Today I ran 8kms in 47 minutes. Go me. My goal is to run 10kms in 60 minutes and then 50 minutes. Apparently this is what sorts out the runners from the joggers. Joggers I read, just jog about aimlessly.

I've been following this programme on a site called Time to Run. You can basically start from never having moved from the lounge and end up running sub 40 minute 10k's. And it all sort of happens so gradually that you don't even notice your pace or fitness getting better until you realise you can run 8 kms in 47 minutes.

There's a lot to think about when you're running. Head up, shoulders down, hands relaxed, hips forward, land on the ball of the foot.  I used to think so hard about it all that I'd almost fall over but now I just sort of let it happen. And anyway have you seen Paula Radcliffe run. She has the weirdest style with her head banging about all over the place yet she keeps winning marathons.
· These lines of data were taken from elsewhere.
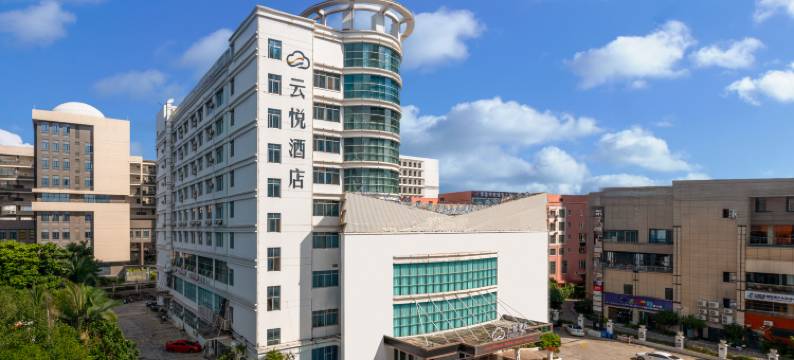云悦酒店(南宁广西大学鲁班路地铁站店)图片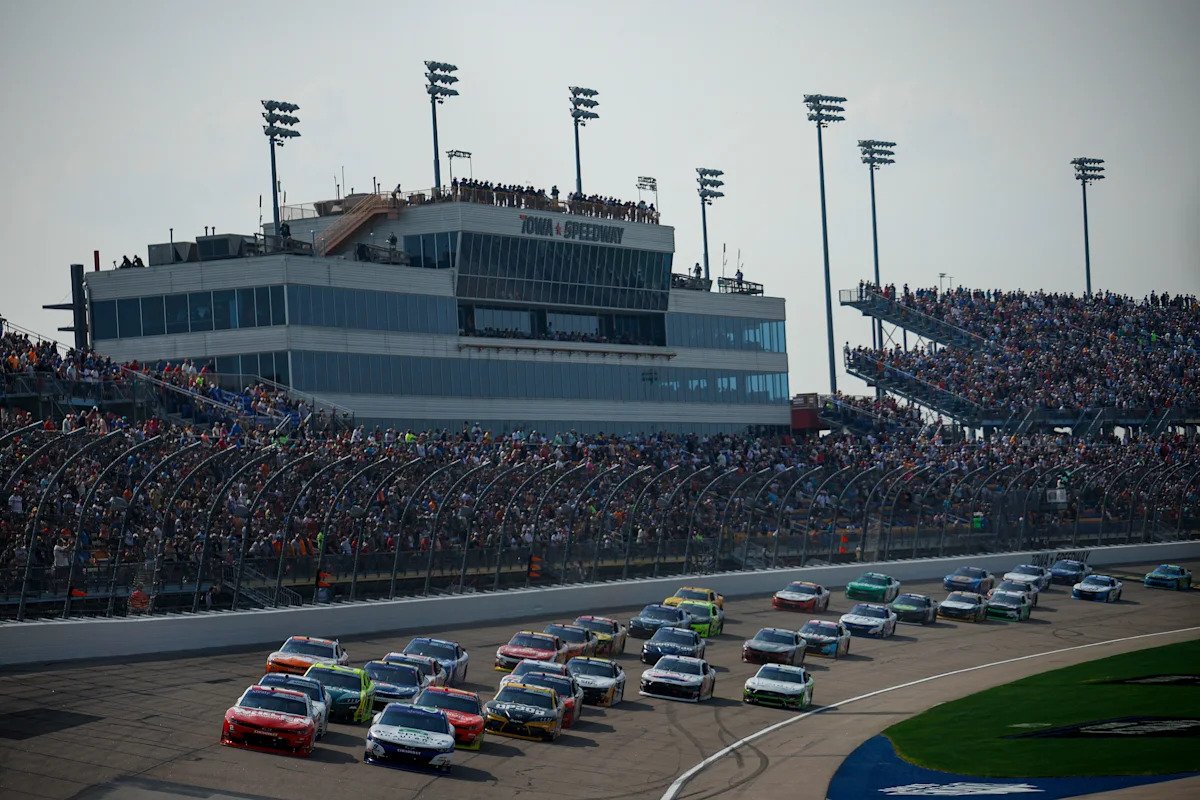 NASCAR Iowa qualifying live results, Cup Series starting lineup NASCAR Iowa qualifying live results, Cup Series starting lineup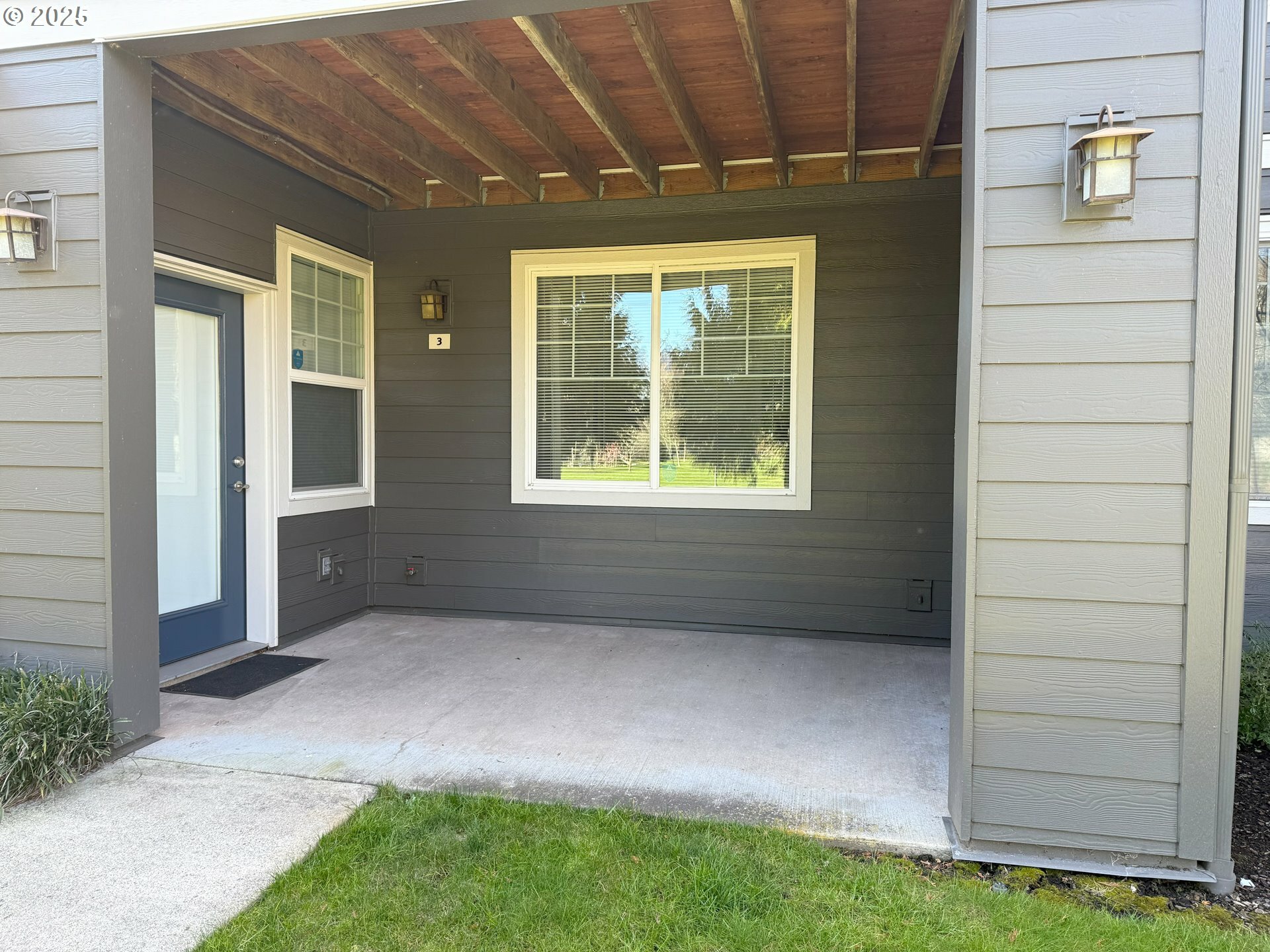 Property Photo:  10800 SE 17th Cir A3  WA 98664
I felt a bit like I was channeling her the other day.

I do my running on the treadmill because there's nowhere to run here. I've been around town looking but can't find a suitable track. This means I spend a lot of time watching music videos. Which has lead to me developing a strange crush on the lead singer of Gyroscope. I don't even know what his name is. But they have a new album out so I've seen a lot of them. And their music has a pretty good running pace.

For a while there I thought he might replace Tex in my affections.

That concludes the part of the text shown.